6 borrowers share their biggest student loan regrets
1. I deferred payments for years
Tasha Mayberry-Mullyakaev, the founder of web design, PR, and marketing company Social Media 22, couldn’t afford to pay her student loans after graduating. She thought that deferring would save her credit score, but really it caused her $40,000 student loan debt to balloon to over $70,000.
Mayberry-Mullyakaev learned the hard way that ignoring student loan payments meant her debt would just keep increasing. Due to compound interest, unpaid student loan debt will only continue to grow.
Therefore, if you can’t afford your federal student loan monthly payments, consider an income-based repayment plan. You can also punch in your loan info into our Student Loan Income-Based Repayment (IBR) Calculator to see if this is a viable option for you.
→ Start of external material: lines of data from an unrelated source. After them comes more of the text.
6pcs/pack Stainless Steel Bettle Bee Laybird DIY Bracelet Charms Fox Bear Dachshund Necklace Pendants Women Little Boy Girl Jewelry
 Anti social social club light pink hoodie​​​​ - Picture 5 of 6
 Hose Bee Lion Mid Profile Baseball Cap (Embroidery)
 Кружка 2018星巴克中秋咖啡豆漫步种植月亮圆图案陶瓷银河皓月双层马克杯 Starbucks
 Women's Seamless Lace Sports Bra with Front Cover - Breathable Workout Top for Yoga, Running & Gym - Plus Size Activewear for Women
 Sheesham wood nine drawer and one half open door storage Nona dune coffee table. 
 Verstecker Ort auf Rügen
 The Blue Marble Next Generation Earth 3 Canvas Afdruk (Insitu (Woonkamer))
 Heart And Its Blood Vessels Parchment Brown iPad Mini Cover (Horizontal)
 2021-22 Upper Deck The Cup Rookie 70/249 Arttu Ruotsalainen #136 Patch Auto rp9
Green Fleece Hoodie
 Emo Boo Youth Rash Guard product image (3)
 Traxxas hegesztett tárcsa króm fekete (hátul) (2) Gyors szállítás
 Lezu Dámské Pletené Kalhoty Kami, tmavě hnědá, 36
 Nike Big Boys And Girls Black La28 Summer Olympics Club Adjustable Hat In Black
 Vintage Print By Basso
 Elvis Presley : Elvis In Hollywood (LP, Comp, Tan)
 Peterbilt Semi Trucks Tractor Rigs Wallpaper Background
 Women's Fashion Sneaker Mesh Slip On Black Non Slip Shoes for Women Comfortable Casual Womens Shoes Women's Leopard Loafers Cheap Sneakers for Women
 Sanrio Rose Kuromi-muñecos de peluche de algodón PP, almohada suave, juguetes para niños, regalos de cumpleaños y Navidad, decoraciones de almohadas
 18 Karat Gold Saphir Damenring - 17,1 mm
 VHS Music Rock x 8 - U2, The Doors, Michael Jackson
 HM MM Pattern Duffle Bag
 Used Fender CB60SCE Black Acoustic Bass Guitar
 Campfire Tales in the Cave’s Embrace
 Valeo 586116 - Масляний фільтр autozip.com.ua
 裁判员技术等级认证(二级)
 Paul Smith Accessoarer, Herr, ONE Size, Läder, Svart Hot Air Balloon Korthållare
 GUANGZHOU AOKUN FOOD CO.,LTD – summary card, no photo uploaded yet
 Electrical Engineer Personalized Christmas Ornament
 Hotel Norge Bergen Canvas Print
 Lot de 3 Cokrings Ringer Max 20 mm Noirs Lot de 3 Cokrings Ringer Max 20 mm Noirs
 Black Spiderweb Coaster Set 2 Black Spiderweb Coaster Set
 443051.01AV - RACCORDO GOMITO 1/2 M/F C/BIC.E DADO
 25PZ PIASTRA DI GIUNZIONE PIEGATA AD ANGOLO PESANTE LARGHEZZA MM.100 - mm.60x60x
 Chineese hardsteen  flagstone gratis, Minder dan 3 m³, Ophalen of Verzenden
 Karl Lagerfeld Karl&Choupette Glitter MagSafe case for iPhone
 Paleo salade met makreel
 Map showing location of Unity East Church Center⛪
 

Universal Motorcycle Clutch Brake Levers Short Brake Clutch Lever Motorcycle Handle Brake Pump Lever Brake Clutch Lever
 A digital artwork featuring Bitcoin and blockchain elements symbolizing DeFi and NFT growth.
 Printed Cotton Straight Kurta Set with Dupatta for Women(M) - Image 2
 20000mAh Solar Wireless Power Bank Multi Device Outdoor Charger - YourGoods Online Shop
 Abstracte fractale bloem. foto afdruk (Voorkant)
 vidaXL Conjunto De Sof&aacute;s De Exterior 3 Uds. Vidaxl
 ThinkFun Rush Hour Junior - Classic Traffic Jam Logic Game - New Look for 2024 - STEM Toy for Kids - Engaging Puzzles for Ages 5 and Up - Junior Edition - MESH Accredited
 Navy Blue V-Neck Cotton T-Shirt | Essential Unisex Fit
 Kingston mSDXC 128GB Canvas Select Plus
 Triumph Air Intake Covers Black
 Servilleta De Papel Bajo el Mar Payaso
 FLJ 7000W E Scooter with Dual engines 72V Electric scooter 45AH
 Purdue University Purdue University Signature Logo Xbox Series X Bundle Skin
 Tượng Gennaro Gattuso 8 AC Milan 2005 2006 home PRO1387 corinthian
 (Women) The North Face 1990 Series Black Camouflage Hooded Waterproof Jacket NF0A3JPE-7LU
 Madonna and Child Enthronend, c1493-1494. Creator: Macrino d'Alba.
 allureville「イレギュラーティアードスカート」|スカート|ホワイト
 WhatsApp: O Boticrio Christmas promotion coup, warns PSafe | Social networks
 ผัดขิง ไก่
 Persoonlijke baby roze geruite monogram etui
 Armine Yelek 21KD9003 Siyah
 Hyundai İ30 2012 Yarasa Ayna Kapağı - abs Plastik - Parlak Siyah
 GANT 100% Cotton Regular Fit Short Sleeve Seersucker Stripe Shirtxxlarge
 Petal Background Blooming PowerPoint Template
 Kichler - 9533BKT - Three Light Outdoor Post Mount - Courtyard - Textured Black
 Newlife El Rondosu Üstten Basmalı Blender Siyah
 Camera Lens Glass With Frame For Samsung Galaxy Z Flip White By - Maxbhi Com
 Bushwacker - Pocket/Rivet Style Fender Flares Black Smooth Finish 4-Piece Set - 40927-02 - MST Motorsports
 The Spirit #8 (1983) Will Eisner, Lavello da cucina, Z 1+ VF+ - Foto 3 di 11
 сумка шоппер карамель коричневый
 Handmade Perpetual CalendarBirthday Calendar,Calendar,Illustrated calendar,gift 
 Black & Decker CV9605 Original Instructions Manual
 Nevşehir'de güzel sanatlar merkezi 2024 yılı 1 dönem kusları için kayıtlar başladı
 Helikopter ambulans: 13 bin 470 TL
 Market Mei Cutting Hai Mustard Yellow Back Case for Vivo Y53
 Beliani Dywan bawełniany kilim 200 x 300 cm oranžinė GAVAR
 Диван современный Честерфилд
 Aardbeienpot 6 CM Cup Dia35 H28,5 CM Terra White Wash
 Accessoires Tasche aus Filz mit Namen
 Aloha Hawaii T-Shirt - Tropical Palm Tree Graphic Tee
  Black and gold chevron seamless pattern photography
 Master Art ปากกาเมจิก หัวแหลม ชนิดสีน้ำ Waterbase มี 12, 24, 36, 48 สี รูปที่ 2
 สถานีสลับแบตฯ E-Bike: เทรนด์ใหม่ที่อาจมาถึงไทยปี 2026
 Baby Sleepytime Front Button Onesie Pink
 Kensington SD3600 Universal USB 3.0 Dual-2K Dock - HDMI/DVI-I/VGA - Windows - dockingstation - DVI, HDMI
As Mayberry-Mullyakaev says, “Know how much you are borrowing and what payments will be.” Essentially, you’re better off doing the math sooner rather than later so you have a manageable plan for paying student loans.
2. I didn’t refinance my loans when I could
“My biggest regret is not refinancing my student loans,” says Zina Kumok, a freelance writer who specializes in personal finance. If she had refinanced, Kumok says, she could have saved hundreds.
Her advice? “I tell everyone who’s paying high-interest rates to consider refinancing, unless they’re trying to have their loans forgiven,” Kumok explains.
Refinancing your student loans can lower your interest rates and reduce your monthly payments. And private lenders allow you to refinance both federal and private loans.
What’s more, refinancing can often save you thousands of dollars over the life of your loans.
Despite her student loan mistakes, Kumok was able to bounce back. She managed to pay off $28,000 in student loans in just three years.
3. I spent my loan money on shopping sprees
Student loans are not free money, a fact that some students learn the hard way.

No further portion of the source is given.